WHAT NEEDS TO BE DONE — Would you please repeat exactly the entries below, starting at the line with "Hello everybody, and" and ending at the line with "My old coordinates", and nothing outside that range? Leave out the pictures.

THE RECORDS —
■ ■ ■

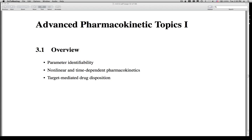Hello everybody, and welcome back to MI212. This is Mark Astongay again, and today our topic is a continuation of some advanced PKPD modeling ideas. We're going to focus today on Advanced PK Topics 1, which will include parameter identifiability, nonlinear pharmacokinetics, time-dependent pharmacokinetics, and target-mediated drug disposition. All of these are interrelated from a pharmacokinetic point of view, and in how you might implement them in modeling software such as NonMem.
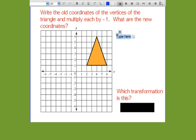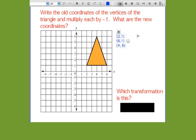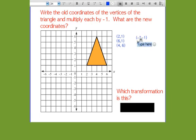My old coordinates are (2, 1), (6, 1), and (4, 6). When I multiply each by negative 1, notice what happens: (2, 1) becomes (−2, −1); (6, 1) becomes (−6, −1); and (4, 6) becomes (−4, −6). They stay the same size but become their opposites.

■ ■ ■

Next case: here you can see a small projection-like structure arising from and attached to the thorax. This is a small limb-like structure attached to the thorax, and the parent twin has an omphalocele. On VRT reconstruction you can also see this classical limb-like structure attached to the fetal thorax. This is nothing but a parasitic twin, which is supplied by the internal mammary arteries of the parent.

■ ■ ■

ANSWER TO THIS PROBLEM —
Hello everybody, and welcome back to MI212. This is Mark Astongay again, and today our topic is a continuation of some advanced PKPD modeling ideas. We're going to focus today on Advanced PK Topics 1, which will include parameter identifiability, nonlinear pharmacokinetics, time-dependent pharmacokinetics, and target-mediated drug disposition. All of these are interrelated from a pharmacokinetic point of view, and in how you might implement them in modeling software such as NonMem.
My old coordinates are (2, 1), (6, 1), and (4, 6). When I multiply each by negative 1, notice what happens: (2, 1) becomes (−2, −1); (6, 1) becomes (−6, −1); and (4, 6) becomes (−4, −6). They stay the same size but become their opposites.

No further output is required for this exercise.